-- Opening Marker --

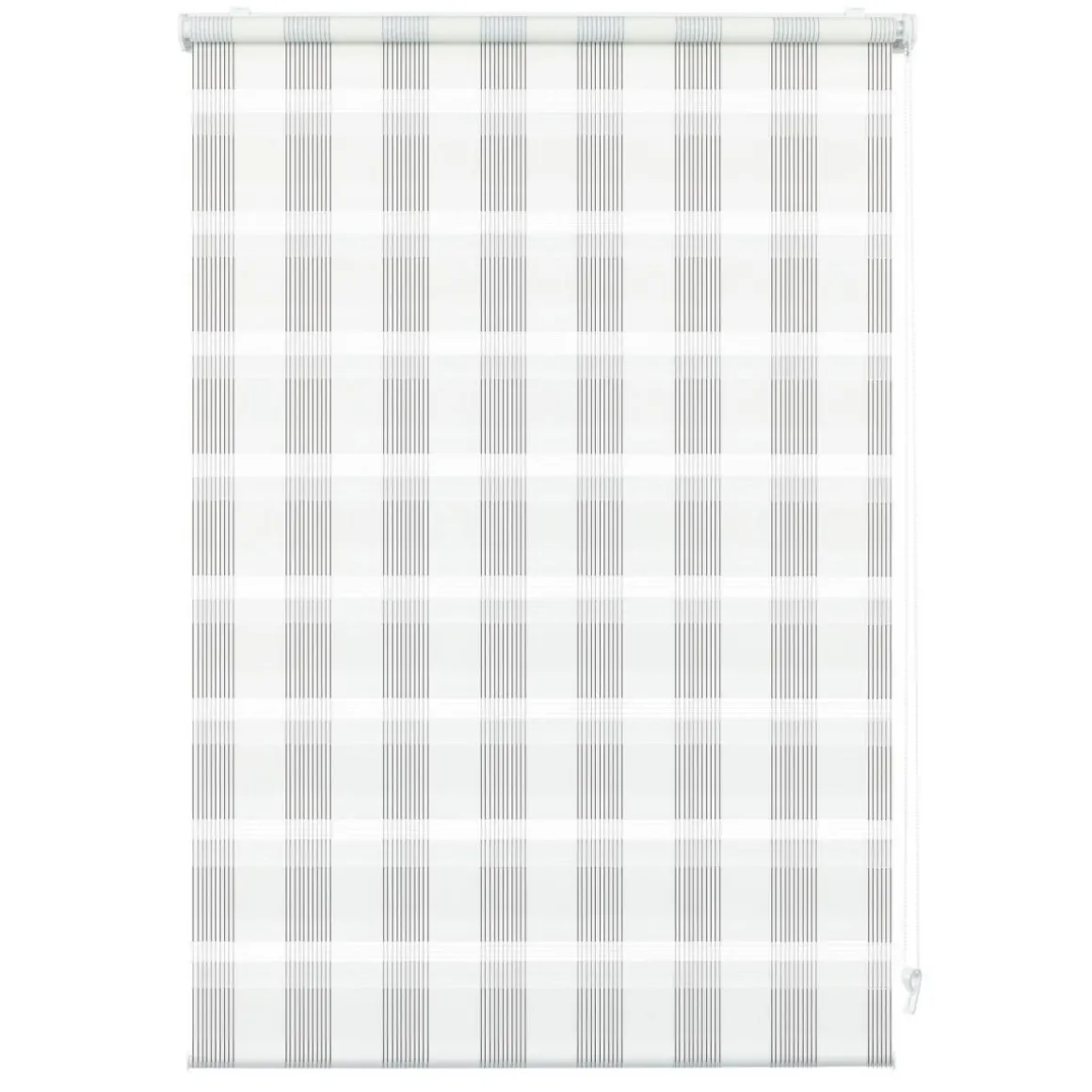 Easyfix Rollo Karo 60x150 cm weiß
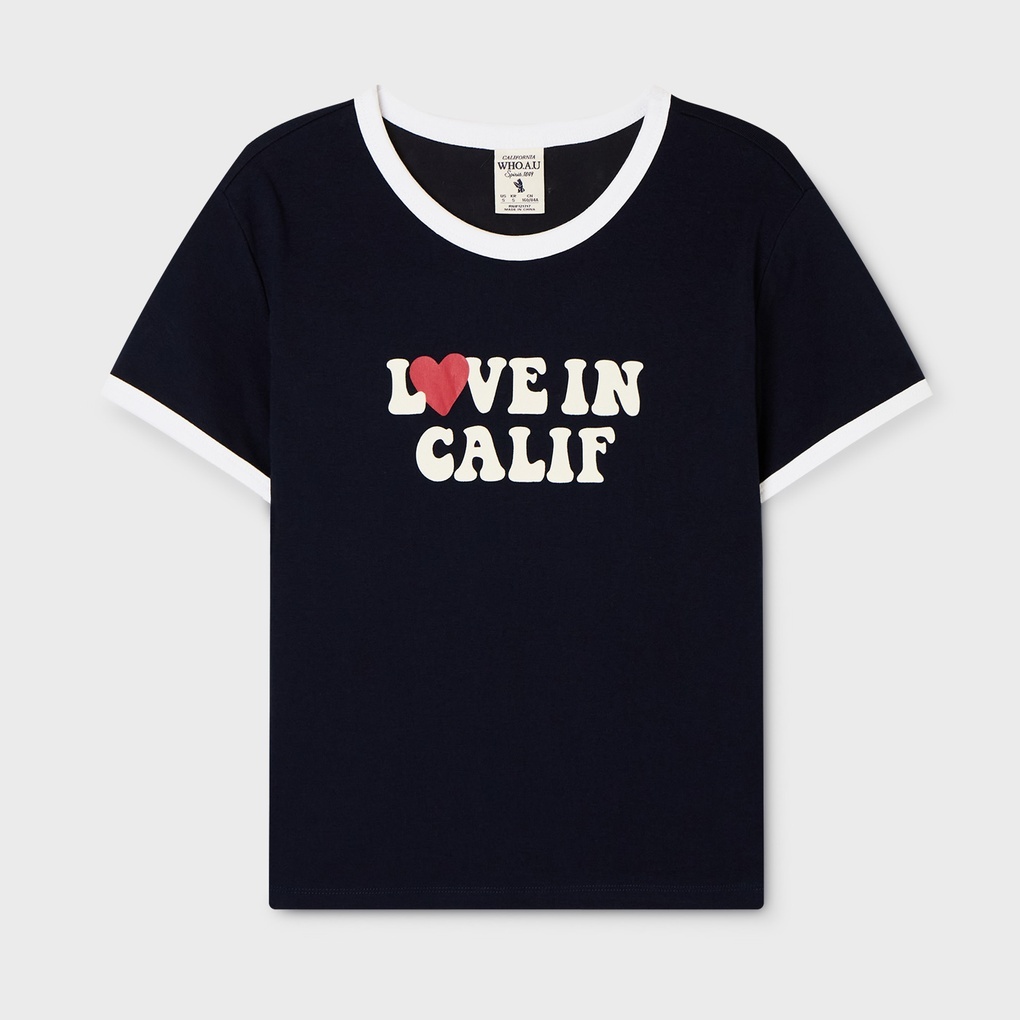 WHO A U - Letter Ringer T-Shirt *3色* (WHRAG2431F)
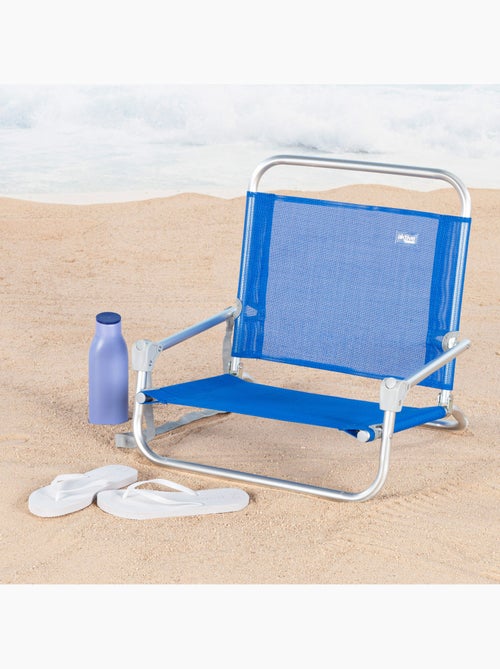 Petite chaise de plage pliante avec repose-épaule aktive - Kiabi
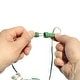 preview thumbnail 9 of 42, Glitzhome Pre-Lit Flocked Pencil Spruce Artificial Christmas Tree with Warm White Lights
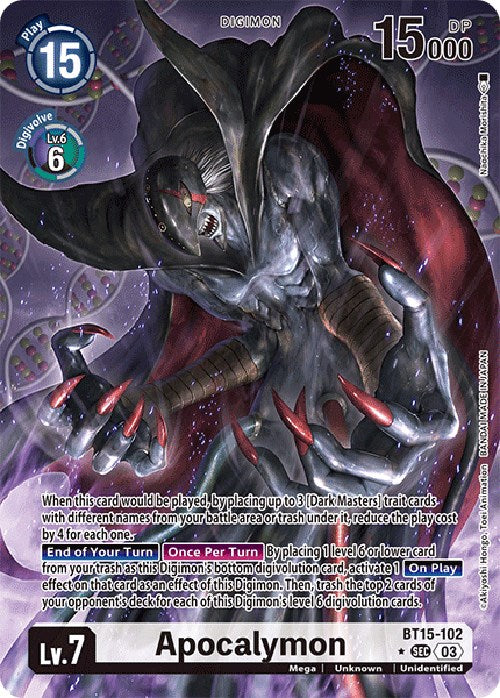 Apocalymon [BT15-102] (Alternate Art) [Exceed Apocalypse] | Black Swamp Games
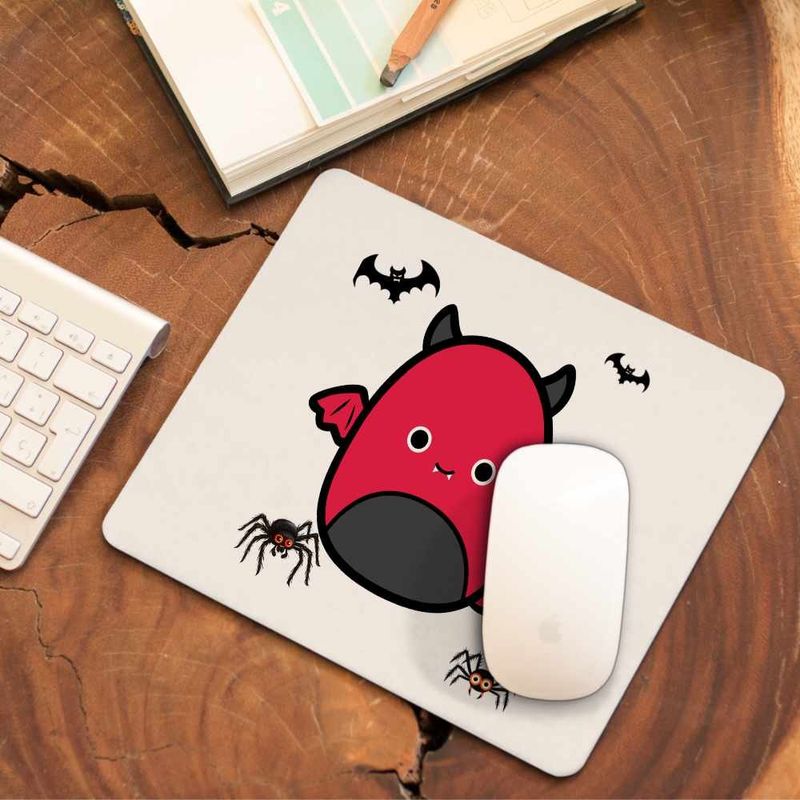 PC, gaming si accesorii - Periferice PC - Mousepad - Mousepad Squish mallows Diavol Horror CoolTrend, 21x19cm - Infinity.ro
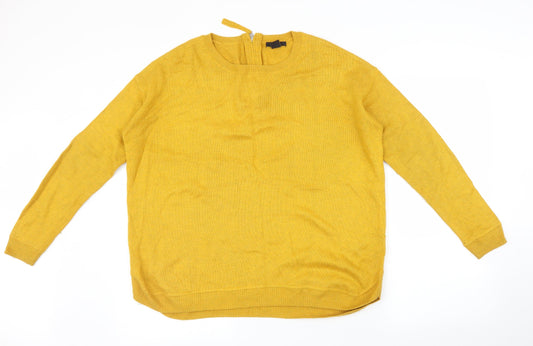 H&M Womens Yellow   Pullover Jumper Size M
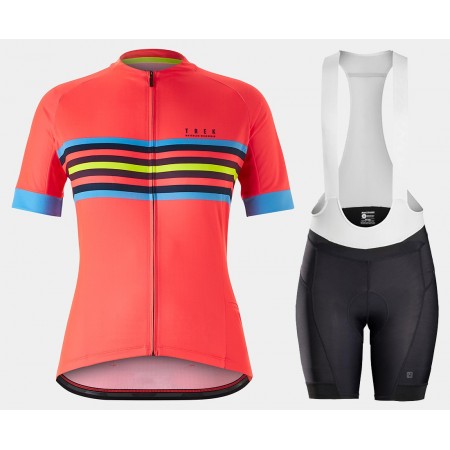 Tenue Maillot + Cuissard à Bretelles 2021 Bontrager Trek Anara Femme N003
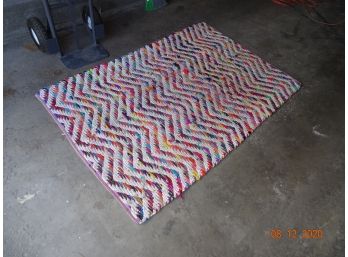 Colorful Rug 48' X 72'.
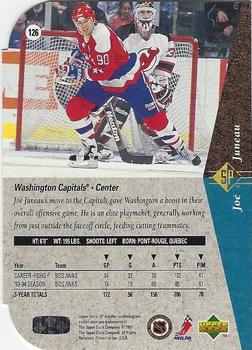 1994-95 SP - Die Cut #126 Joe Juneau Back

-- Closing Marker --

*Problem to solve:*
Your answer must be the lines above from the one holding "Petite chaise de" up to and including the one holding "PC, gaming si", exact and with no pictures.

*Final answer:*
 Petite chaise de plage pliante avec repose-épaule aktive - Kiabi
 preview thumbnail 9 of 42, Glitzhome Pre-Lit Flocked Pencil Spruce Artificial Christmas Tree with Warm White Lights
 Apocalymon [BT15-102] (Alternate Art) [Exceed Apocalypse] | Black Swamp Games
 PC, gaming si accesorii - Periferice PC - Mousepad - Mousepad Squish mallows Diavol Horror CoolTrend, 21x19cm - Infinity.ro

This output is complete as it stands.